MLE seeks parameters θ that maximize the probability assigned to observed data D = {x_1,...,x_N}. The objective is L(θ) = Π_i p(x_i|θ), or equivalently (and more numerically stable) log L(θ) = Σ_i log p(x_i|θ). This is the log-likelihood.
For differentiable models, we compute the gradient ∇_θ log p(x|θ) and use gradient ascent (or descent on negative log-likelihood). For large datasets, stochastic gradient descent approximates the full gradient using minibatches, making optimization practical for billions of parameters.
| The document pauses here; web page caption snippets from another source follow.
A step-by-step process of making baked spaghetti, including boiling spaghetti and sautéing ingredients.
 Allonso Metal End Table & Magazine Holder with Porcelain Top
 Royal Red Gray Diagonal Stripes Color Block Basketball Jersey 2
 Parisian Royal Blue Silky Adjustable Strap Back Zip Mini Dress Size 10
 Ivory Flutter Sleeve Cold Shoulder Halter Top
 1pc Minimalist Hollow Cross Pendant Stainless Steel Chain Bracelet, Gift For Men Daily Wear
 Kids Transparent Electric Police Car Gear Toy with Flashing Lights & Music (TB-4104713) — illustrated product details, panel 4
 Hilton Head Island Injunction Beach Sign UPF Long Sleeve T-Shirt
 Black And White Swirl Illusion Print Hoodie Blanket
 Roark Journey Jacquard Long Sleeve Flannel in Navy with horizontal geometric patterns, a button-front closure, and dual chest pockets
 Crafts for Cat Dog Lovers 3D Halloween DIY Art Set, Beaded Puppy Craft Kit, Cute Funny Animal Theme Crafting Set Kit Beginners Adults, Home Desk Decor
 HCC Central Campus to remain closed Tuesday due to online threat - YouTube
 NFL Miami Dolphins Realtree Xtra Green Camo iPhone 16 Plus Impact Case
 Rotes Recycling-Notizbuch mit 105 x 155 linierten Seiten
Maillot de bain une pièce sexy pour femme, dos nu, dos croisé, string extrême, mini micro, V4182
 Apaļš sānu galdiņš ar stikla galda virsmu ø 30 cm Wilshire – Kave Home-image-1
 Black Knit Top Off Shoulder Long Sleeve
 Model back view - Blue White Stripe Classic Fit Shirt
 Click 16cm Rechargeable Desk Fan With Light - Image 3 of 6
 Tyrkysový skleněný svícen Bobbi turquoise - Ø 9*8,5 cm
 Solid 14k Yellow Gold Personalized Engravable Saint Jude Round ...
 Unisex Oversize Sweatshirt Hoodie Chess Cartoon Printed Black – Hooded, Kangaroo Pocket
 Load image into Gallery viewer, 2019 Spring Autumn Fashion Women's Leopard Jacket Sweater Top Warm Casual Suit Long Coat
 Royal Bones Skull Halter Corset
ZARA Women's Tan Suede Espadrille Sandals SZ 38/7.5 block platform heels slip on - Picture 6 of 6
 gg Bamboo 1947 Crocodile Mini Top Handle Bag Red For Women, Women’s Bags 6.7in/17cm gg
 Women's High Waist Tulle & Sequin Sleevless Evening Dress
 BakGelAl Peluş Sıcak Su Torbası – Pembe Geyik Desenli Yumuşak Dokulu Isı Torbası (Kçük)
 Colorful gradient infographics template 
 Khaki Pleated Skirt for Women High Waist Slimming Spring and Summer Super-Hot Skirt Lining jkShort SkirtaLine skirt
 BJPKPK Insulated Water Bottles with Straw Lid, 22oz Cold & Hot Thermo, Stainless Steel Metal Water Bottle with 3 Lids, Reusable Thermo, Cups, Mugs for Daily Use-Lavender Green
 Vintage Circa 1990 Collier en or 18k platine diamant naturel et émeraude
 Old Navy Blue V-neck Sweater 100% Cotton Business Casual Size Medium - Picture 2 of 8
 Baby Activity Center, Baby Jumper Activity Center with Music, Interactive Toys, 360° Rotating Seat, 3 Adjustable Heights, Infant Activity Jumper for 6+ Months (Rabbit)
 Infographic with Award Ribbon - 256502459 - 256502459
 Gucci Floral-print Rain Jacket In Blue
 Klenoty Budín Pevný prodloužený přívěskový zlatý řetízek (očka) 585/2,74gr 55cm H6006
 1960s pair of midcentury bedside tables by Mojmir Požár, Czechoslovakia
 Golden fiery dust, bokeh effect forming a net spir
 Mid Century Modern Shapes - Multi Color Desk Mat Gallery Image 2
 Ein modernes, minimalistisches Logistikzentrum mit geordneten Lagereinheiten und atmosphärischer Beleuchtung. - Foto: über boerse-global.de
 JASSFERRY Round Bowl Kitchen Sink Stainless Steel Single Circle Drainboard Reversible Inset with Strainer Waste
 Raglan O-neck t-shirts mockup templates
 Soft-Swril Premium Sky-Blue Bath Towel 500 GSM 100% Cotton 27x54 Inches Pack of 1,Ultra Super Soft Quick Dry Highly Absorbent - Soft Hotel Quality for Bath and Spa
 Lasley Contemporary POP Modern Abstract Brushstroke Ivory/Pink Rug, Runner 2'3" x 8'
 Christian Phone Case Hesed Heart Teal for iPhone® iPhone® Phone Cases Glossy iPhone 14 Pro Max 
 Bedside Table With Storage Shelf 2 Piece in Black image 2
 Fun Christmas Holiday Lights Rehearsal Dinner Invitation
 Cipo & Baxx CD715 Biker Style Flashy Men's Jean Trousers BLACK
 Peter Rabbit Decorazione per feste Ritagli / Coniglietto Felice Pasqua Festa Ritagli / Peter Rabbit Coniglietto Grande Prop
Gradient-Based Optimization
At each step: θ ← θ + α ∇_θ log p(x|θ). The step size α (learning rate) controls update magnitude. Adaptive methods (Adam, RMSprop) scale learning rates per parameter, improving convergence. Modern deep learning frameworks (PyTorch, TensorFlow) automatically differentiate through complex computational graphs, enabling optimization of massive models.
Why Log-Likelihood
Products Σ_i log p(x_i|θ) become sums, avoiding numerical underflow when p values are small. Mathematically, log is a monotonic transformation, so maximizing log p(x|θ) is equivalent to maximizing p(x|θ). This simplification is essential: multiplying many small probabilities produces values near zero, causing floating-point precision loss.
Connection to Deep Learning
Supervised learning (e.g., classification) fits p(y|x;θ) via MLE. The cross-entropy loss in classification is precisely -log p(y|x;θ), cementing MLE as the foundation of modern machine learning. Extending MLE to unsupervised and generative settings requires handling unobserved variables—the domain of latent variable models.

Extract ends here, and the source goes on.